I received some interesting feedback after this review was first published highlighting a few glitches in the kit. Once again I pulled out the Revell and Tamiya kits and looked over the two areas in question - main landing gear and prop spinners:

  • The main landing gear struts are too short. I wondered if it was simply a matter of how they were installed in the nacelles or if they were simply too short. In comparison to the Tamiya landing gear, they are significantly shorter which results in the aircraft sitting too low. The wheels are very slightly larger in diameter than the Tamiya wheels, but well within the margin of interpretation.

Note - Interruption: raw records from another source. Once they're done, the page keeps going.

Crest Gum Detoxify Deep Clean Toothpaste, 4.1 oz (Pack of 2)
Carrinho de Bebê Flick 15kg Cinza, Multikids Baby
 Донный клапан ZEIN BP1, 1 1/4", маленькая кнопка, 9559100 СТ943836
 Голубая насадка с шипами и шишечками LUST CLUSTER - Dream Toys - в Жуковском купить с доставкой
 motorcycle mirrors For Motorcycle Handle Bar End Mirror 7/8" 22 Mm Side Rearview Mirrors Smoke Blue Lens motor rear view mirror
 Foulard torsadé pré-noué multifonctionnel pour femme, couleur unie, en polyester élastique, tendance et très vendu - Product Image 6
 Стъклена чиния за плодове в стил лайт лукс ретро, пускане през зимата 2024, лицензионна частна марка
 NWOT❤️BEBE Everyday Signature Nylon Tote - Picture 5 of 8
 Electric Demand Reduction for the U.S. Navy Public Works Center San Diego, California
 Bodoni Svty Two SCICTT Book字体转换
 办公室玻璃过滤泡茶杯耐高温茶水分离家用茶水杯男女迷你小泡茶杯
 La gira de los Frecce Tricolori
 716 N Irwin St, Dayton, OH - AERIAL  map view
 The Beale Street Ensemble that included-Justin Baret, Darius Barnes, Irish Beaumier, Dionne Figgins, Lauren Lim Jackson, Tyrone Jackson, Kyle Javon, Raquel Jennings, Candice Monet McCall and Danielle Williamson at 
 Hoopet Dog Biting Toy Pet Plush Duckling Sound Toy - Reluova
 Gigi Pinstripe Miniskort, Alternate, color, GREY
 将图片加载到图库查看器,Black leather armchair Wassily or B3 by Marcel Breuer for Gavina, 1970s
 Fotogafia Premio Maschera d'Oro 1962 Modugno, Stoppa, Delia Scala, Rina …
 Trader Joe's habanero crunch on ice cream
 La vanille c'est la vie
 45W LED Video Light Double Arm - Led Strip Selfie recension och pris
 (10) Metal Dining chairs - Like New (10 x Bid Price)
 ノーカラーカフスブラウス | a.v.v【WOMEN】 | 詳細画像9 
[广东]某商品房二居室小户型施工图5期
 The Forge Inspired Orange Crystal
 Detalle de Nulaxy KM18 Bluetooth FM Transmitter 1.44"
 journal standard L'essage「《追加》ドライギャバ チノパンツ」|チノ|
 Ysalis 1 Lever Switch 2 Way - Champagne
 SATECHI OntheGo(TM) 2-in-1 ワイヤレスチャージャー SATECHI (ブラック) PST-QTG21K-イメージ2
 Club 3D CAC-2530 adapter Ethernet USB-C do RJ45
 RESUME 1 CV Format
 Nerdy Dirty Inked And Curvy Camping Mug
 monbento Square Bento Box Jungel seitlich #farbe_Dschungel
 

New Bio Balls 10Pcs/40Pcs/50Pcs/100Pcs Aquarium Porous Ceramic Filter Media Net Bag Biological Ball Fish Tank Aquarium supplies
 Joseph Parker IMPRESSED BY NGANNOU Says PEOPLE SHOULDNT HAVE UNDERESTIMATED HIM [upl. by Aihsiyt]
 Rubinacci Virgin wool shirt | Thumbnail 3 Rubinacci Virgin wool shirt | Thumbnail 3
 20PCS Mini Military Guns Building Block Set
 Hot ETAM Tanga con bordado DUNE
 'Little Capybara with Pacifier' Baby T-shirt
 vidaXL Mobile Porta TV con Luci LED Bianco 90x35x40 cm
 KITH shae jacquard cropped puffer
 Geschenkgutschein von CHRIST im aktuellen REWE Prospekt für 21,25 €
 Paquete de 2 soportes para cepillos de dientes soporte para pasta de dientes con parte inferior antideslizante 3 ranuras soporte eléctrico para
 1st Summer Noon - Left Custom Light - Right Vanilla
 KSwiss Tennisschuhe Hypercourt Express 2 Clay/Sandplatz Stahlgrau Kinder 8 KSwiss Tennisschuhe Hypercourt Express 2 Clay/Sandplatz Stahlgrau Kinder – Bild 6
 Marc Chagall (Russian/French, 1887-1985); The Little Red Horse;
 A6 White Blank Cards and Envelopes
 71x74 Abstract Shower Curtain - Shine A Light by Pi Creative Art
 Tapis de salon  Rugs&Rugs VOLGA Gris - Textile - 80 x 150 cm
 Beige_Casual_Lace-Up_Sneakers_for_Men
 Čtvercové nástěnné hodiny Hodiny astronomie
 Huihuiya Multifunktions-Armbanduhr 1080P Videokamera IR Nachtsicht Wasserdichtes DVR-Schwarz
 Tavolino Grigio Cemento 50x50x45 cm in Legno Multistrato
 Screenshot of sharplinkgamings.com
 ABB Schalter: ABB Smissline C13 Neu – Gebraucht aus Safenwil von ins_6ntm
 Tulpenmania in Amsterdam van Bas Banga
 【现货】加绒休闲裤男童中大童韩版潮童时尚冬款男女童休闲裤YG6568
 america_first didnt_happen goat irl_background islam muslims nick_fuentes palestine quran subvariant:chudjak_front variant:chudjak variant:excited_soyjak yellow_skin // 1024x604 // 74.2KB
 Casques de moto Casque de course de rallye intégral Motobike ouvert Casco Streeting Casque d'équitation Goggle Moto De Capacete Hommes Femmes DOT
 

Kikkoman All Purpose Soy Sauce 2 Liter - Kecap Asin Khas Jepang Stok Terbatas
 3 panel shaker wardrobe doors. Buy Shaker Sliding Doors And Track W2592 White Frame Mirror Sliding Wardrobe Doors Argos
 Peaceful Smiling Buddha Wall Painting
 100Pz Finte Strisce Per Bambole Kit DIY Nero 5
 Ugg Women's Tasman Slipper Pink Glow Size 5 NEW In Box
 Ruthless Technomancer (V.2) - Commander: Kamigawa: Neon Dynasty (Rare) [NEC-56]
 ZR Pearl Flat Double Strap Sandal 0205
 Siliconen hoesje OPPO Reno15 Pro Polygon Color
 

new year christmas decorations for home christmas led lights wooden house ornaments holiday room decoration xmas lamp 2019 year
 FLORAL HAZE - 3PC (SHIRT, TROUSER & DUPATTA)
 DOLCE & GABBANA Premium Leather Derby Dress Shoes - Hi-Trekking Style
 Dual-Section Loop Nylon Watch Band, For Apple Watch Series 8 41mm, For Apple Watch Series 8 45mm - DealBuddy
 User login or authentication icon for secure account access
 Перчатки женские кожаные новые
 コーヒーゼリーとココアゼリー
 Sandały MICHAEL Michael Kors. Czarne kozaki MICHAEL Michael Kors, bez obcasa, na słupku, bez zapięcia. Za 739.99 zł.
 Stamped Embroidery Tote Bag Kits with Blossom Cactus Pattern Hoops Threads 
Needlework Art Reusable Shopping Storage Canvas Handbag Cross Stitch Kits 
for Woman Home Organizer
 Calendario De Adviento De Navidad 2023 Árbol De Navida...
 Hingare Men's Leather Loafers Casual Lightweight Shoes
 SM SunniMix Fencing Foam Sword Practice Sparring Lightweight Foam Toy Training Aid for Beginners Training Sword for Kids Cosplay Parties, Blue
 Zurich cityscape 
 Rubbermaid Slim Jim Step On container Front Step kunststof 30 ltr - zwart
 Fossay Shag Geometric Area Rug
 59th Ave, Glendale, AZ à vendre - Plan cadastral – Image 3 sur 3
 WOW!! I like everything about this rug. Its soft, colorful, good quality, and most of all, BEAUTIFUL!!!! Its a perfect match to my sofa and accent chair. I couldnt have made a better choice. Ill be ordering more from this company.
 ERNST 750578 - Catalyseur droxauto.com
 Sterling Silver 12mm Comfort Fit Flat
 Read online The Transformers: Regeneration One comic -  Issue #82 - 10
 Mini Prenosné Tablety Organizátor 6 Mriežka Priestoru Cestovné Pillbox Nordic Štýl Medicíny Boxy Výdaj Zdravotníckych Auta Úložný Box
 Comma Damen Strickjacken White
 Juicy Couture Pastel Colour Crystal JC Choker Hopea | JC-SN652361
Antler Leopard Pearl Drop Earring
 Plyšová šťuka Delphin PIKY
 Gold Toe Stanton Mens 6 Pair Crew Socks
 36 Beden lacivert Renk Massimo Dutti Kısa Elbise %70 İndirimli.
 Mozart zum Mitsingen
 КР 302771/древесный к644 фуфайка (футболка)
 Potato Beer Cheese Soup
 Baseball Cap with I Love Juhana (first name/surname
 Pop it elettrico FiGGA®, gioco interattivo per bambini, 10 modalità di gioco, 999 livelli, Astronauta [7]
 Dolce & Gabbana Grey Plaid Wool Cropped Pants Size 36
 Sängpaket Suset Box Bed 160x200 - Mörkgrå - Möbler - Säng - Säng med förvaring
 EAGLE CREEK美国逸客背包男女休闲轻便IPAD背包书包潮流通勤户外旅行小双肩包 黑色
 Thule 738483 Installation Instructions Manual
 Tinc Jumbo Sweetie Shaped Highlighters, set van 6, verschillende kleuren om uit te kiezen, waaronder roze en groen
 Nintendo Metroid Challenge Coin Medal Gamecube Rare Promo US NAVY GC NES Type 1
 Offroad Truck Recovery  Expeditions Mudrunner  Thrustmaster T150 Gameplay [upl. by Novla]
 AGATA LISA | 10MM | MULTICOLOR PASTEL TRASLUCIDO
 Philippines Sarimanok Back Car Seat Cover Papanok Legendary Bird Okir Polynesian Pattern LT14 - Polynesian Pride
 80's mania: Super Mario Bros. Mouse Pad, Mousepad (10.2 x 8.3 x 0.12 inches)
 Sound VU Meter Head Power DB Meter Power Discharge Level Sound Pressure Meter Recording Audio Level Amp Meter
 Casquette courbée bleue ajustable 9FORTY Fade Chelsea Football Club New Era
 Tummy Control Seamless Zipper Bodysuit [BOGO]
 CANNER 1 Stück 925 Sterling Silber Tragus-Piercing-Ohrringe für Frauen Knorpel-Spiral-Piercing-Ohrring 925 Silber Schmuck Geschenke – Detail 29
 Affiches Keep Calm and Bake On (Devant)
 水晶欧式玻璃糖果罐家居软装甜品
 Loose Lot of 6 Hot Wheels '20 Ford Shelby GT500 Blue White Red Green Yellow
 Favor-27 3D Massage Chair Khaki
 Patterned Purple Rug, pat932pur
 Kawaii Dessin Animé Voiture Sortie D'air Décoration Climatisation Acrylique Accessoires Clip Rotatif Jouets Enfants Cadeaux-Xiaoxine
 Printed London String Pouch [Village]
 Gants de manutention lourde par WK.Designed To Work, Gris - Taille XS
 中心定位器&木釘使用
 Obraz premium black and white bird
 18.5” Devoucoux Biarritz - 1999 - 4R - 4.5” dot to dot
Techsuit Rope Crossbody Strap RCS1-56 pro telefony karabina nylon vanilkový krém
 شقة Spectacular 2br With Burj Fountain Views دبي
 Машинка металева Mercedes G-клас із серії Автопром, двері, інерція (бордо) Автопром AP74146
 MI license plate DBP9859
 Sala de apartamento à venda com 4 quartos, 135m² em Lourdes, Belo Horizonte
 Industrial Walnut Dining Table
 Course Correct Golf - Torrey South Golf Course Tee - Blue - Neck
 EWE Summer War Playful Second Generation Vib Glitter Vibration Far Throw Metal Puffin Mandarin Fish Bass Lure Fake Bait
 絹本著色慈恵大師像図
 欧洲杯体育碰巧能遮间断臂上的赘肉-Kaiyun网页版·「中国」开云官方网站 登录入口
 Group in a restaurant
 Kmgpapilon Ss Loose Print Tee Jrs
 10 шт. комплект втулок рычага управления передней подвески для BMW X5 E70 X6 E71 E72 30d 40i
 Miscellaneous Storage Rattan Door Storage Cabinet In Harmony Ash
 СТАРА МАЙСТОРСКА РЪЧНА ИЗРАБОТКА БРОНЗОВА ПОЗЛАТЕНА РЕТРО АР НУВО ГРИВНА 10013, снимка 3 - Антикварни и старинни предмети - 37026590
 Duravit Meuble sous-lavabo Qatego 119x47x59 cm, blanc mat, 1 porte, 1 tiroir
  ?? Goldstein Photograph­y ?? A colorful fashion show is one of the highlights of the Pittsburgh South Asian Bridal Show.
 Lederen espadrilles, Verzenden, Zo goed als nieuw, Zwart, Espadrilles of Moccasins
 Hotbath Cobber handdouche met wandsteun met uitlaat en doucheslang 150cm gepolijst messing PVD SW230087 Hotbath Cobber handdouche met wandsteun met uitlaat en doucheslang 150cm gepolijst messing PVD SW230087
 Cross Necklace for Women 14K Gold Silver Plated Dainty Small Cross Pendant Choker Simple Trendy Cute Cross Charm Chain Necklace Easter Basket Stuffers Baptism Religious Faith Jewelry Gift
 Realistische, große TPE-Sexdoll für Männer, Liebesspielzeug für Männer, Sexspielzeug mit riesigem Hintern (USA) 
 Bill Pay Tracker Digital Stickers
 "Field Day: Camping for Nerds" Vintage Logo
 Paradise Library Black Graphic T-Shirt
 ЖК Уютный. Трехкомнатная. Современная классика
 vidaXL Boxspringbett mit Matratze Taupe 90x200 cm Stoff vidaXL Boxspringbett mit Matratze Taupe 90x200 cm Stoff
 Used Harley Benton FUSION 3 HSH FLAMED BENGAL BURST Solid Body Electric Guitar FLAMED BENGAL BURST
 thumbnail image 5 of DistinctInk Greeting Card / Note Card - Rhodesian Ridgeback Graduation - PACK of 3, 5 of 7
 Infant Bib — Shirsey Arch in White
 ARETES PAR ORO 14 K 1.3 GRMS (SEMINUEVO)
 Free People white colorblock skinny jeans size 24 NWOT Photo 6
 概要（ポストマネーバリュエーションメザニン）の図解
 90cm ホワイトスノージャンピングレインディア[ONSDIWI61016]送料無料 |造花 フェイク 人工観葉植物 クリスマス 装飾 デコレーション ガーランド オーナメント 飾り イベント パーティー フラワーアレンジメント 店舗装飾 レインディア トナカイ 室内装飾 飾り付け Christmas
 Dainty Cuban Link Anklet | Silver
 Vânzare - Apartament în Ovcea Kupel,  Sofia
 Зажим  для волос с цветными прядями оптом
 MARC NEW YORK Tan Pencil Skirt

Not so the landing gear
  • The spinners had looked okay at first glance, but from the sides, they are too blunt and detract from the streamlined look of the actual aircraft

Are these fatal flaws in the kit? Not really. The model will build fine out of the box for many modelers. For us AMS modelers, there is far more that is right with this kit than wrong, so you have several choices. Remember that we're talking about a detailed, all-new-tool kit that retails for around $20 USD (though US MSRP has yet to be announced). So here are your choices:

  • Build the kit as-is
  • Pass on the kit
  • So some modeling and fix the kit

For me, I can rob the gear struts and spinners out of an Airfix, Tamiya, or even an old Monogram kit. While that sounds odd, remember that AMS modelers will spend significantly more on aftermarket details than the original cost of the kit.

Some modelers might like to use the Revell kit as a source for lots of detail parts like flaps, separate flight control surfaces, cockpit and nose interior details, and that really nice bomb bay. Think of the Revell kit as an inexpensive detail set and dress up the Tamiya kit.

Whatever your preferences, I'm going to build mine. This kit is still recommended!